On top of the cock, a large blue vein seemed to throb as the hand slid up and down. Part of that vein would disappear into the furry mouth and then come out glistening and throbbing. I wish I could have seen the entire performance, but I did see the money shot, or what you could call the money shot. I know if I was sucking that cock I wouldn't let a drop get away, so I wasn't surprised when the owner of the cock grabbed the man's head and pressed his hips upward that not a drop of his precious cum spilled out onto the beard.
There was an incredible sigh that followed the climax, but I couldn't tell if it was the man who came or if it was me who sighed, but it was a magnificent sigh. I have to admit, walking out of there, the tent in my pants drew several smiles. My tent? You noticed? I am surprised, I mean you seemed to notice everyone else, even as I talked; it does surprise me that you noticed.
Yes, I'll have another, just a small one, I don't want too much. And no, I don't expect you to ignore everyone, hell I don't own you, I mean we just met, how could I expect you to just look at me. It's just that, I mean, I've seen you around and well it's no secret you and -- hell, what's his name.
No, no, I'm not crying, I bit my tongue that's all. Anyway, I never thought you'd be interested in, well anything I had to say and you and... him. He's an ass you know. There I said it, he's a complete ass. What? You agree?

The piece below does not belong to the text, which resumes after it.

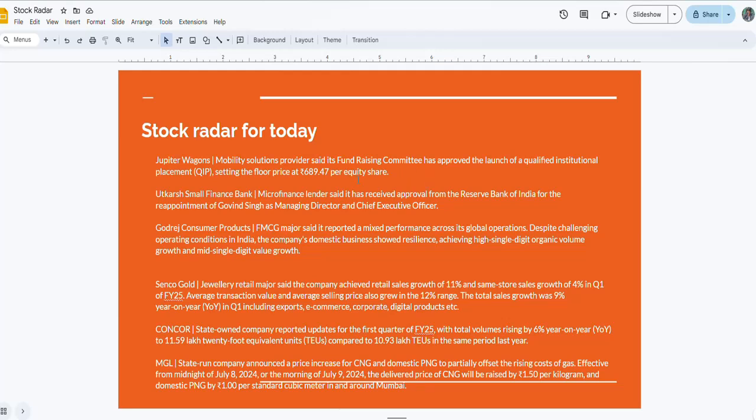Ujjivan Small Finance Bank will be in focus. The micro finance lender said that it has received approval from the RBI for the re-appointment of the MD and CEO. Dabur Consumer Products, the FMCG company, reported mixed performance across its global operations despite challenging conditions in India. The company's domestic business showed resilience, achieving high single digit organic volume growth and mid single digit volume growth. This is a quarterly update.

Yeah, yeah, sometimes a complete ass is nice to have, funny, but I'm serious. Oh, you know about him and... Okay, okay. So am I your rebound then?

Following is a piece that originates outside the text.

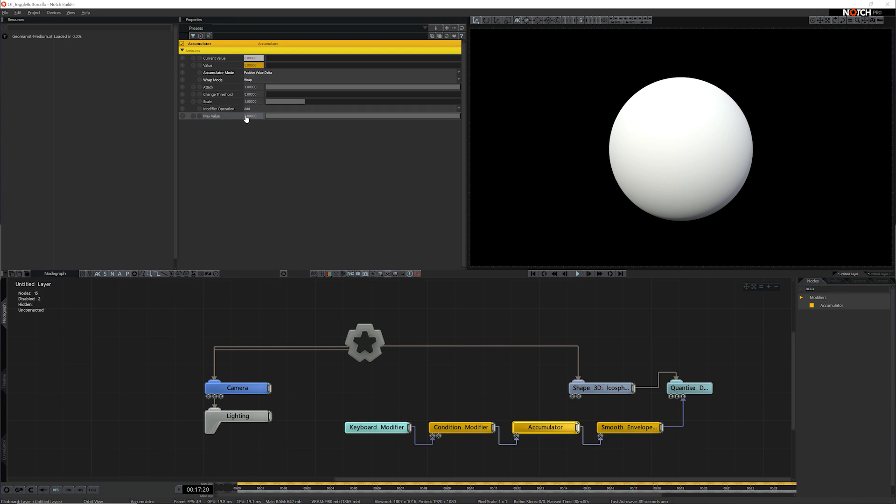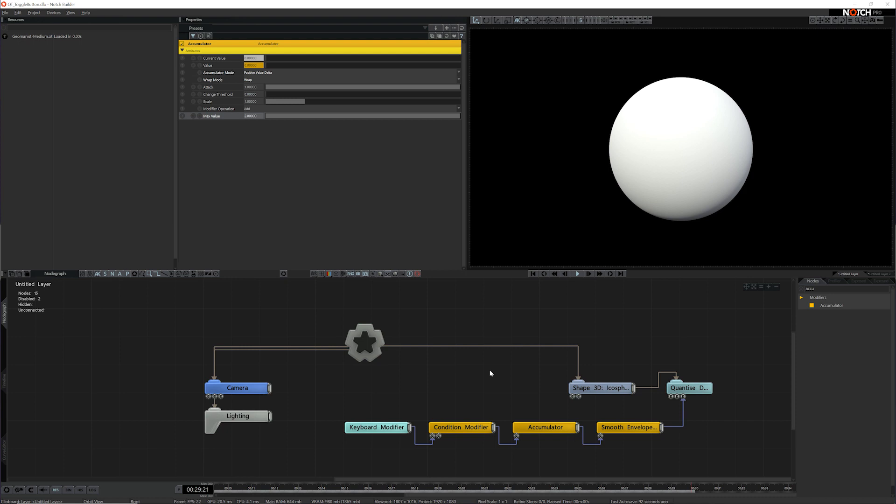And lastly, the max value itself. If it's set to 1, then as soon as the condition modifier is activated, it will just reset itself. So we need to make sure it's got enough space to actually activate and then deactivate again. So I'm going to set its max value to 2.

You like my stories? What stories? Oh peeking through the gloryhole? It's not really a story, it just happened in there a minute ago... You like the way I tell it? Well, I do get involved when I talk I guess.
I just have my jacket here, you ready to go? Ok, okay, yeah I can talk as we go, I haven't had so much that I can't walk and talk at the same time. Another story? K, ah you know there was this one guy once, older gentleman... no, no, older than you, much older. Hell you're not old, this guy had to be in his fifties... oh, almost fifty, I wouldn't have guessed much over forty. I mean it...
Anyway, do you remember Alka-Seltzer? Yeah, this guy told me about the "plop, plop, fizz, fizz," bit on TV. Well, he taught me a trick where you slip one into your mouth.
My cock? Well, it's not that perfect one I described before, no it's just a small one, why do you ask? Oh, my tent, sorry, let me adjust... Okay, I'll leave it as it is. Anyway, you take a bit of warm water and then drop in a tablet.
You've got a limo, and a driver? Well, okay, I've never done it in a car before, at least not with a man and certainly not in a limo. Hey, hey and it's like I said, if it's standing like that in my honor, it's perfect enough for me.
A drink before we get started? Sure, just a small one.